### [SUPPLIED INFORMATION]
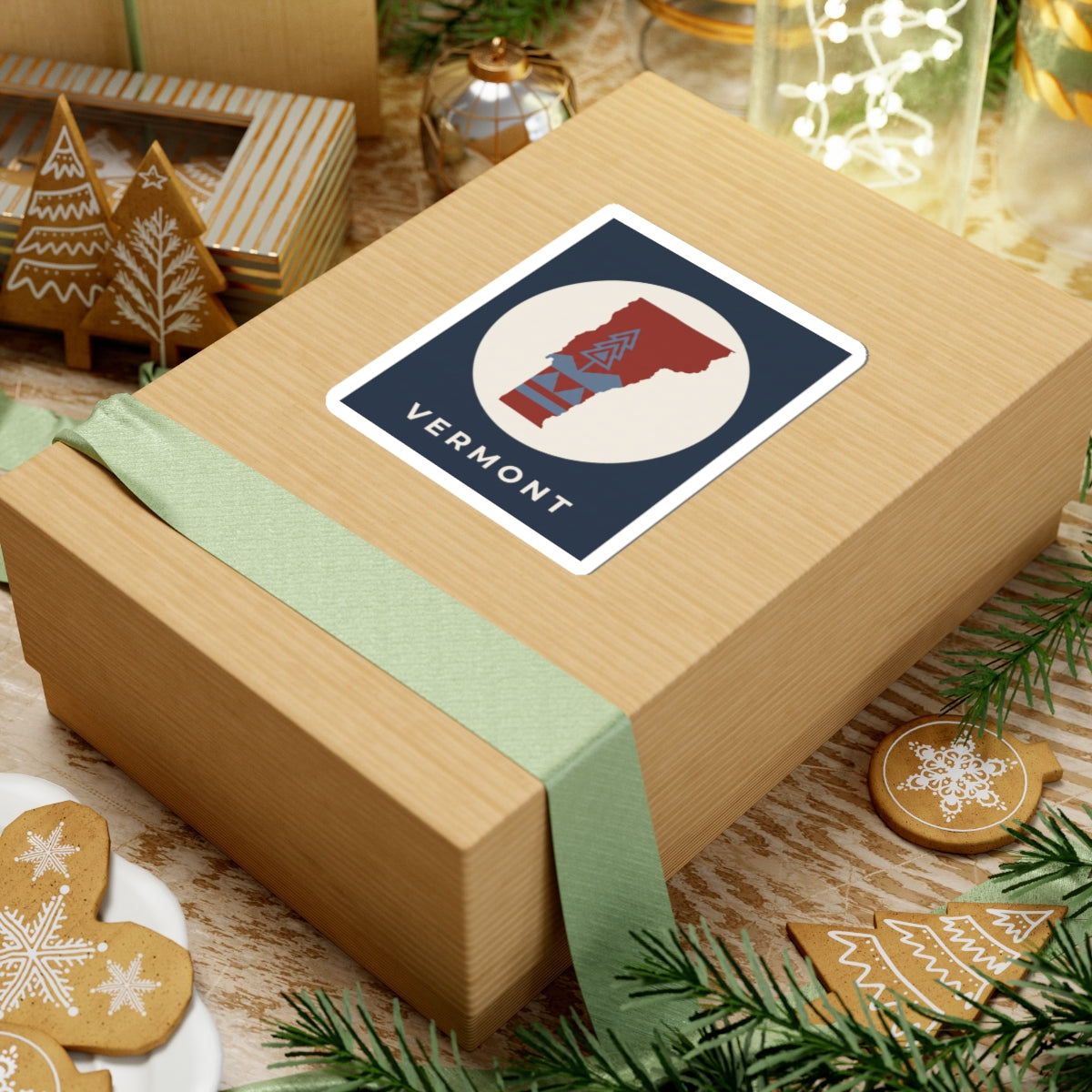 Vermont map sticker with navy border, beige oval, red state, blue geometric trees, 'VERMONT'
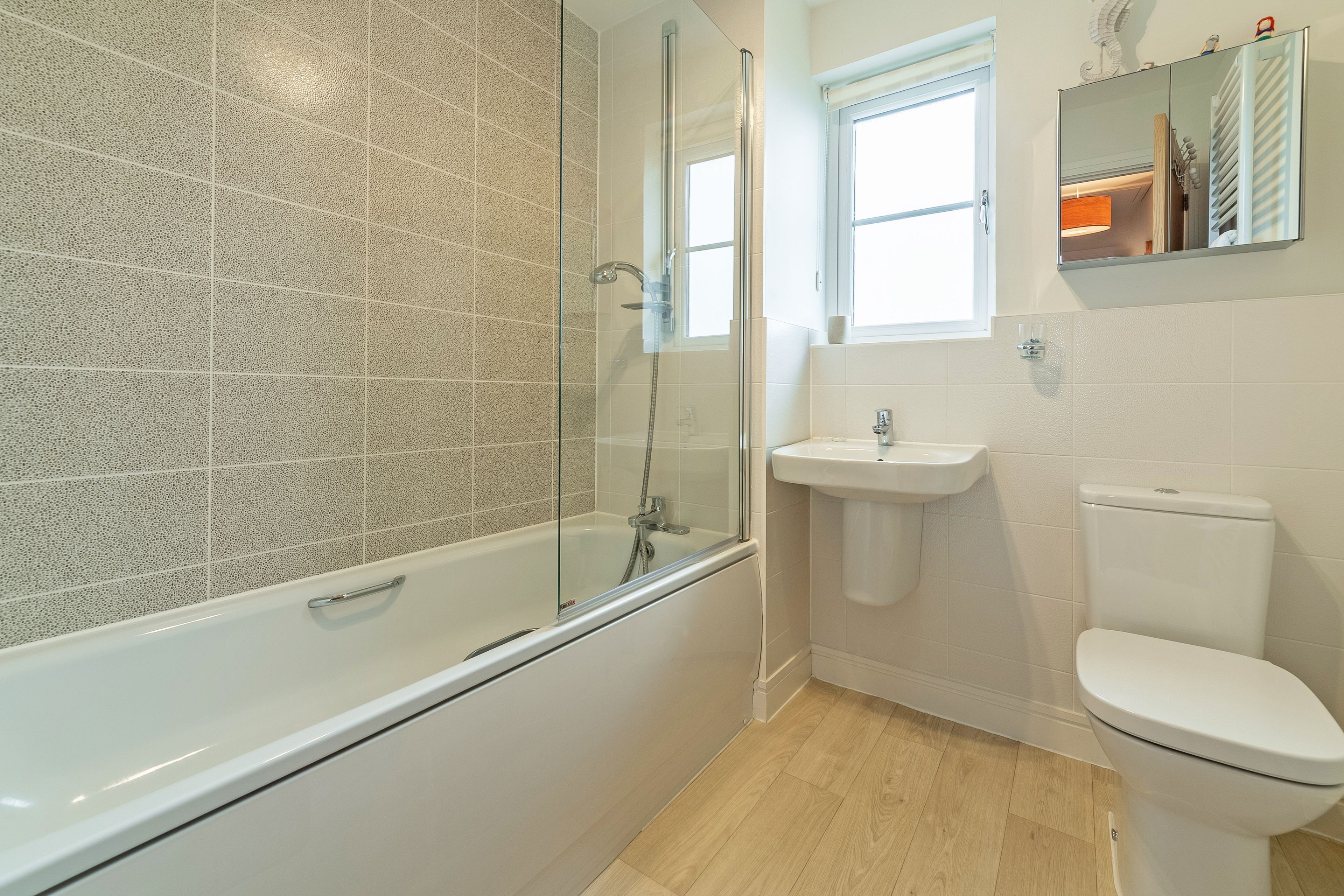 Un bany modern amb dutxa de vidre, un lavabo blanc i un vàter.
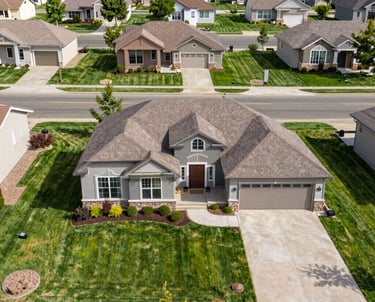 white quadcopter drone flying near snow mountain during daytime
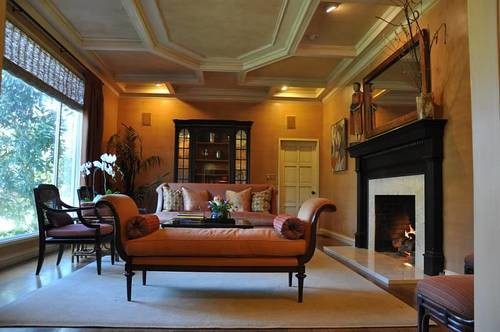 Example of a large classic formal and open concept medium tone wood floor living room design in San Francisco with orange walls, a tile fireplace and no tv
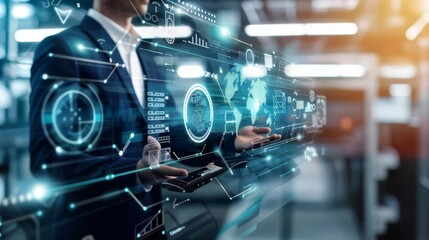 Fototapeta premium Businessman holding virtual technology interface panel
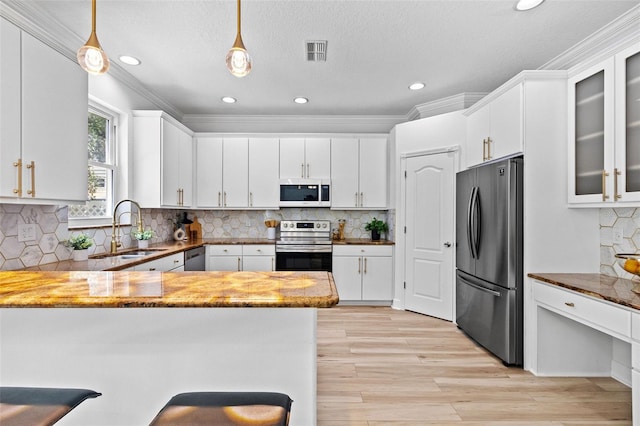 16206 Nottingham Park Way, Tampa, FL 33647 - kitchen featuring appliances with stainless steel finishes, a sink, a peninsula, white cabinets, and crown molding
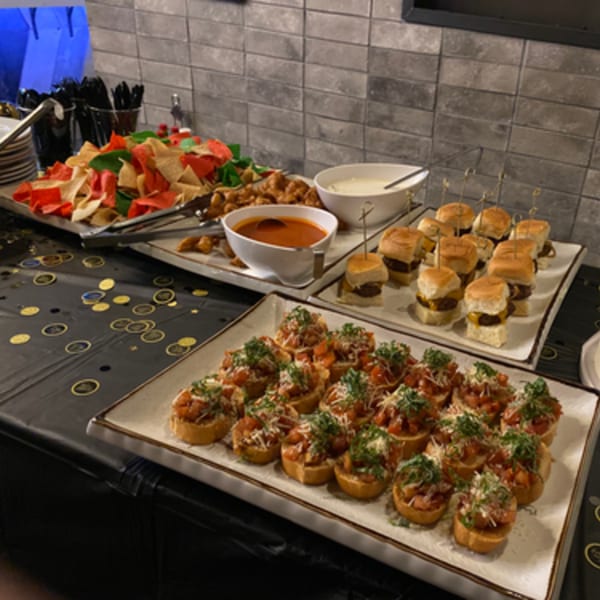 A buffet spread with bruschetta, mini cheeseburger sliders, tortilla chips, and dips at R Bar.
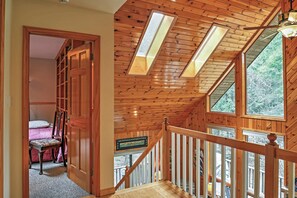 Ein Holzinnenraum mit Treppe, einem Bett und Blick ins Freie.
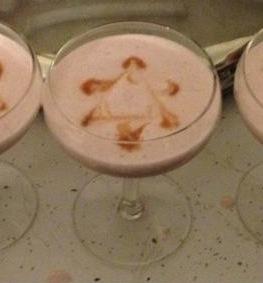 A poor resolution picture of the Pink Yente with a Star of David garnish made with Ango.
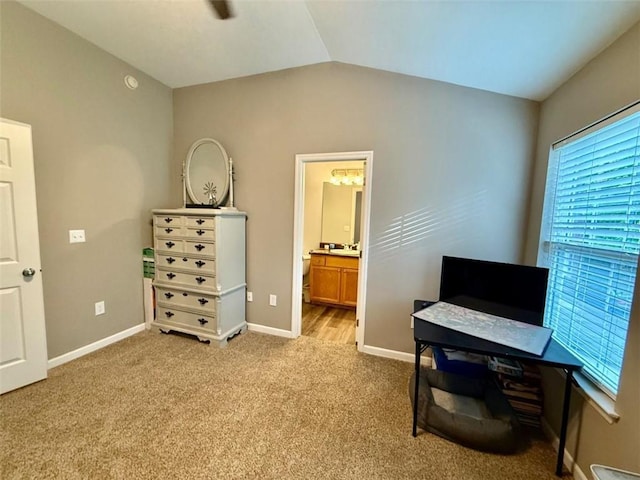 office area with vaulted ceiling, carpet, and baseboards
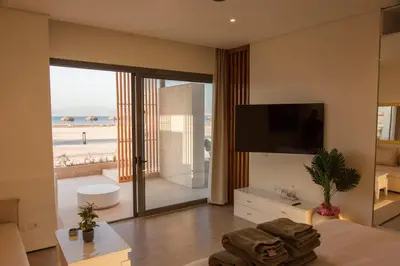 a bedroom with a bed and a view of the beach at Beachfront Somabay Cabana Steps From Sea & Pool in Hurghada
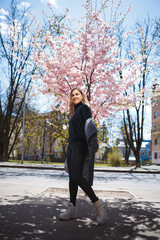 Young slender female model with long wavy hair and, dressed in a gray coat, sneakers, spinning on the street. Spring blossom trees woman girl laughs and runs to rejoice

### [TASK ITEM]
Starting at the line that holds "Example of a", copy each line exactly through the end of the listing, both ends included. Leave the pictures out.

### [SOLUTION]
 Example of a large classic formal and open concept medium tone wood floor living room design in San Francisco with orange walls, a tile fireplace and no tv
 Fototapeta premium Businessman holding virtual technology interface panel
 16206 Nottingham Park Way, Tampa, FL 33647 - kitchen featuring appliances with stainless steel finishes, a sink, a peninsula, white cabinets, and crown molding
 A buffet spread with bruschetta, mini cheeseburger sliders, tortilla chips, and dips at R Bar.
 Ein Holzinnenraum mit Treppe, einem Bett und Blick ins Freie.
 A poor resolution picture of the Pink Yente with a Star of David garnish made with Ango.
 office area with vaulted ceiling, carpet, and baseboards
 a bedroom with a bed and a view of the beach at Beachfront Somabay Cabana Steps From Sea & Pool in Hurghada
 Young slender female model with long wavy hair and, dressed in a gray coat, sneakers, spinning on the street. Spring blossom trees woman girl laughs and runs to rejoice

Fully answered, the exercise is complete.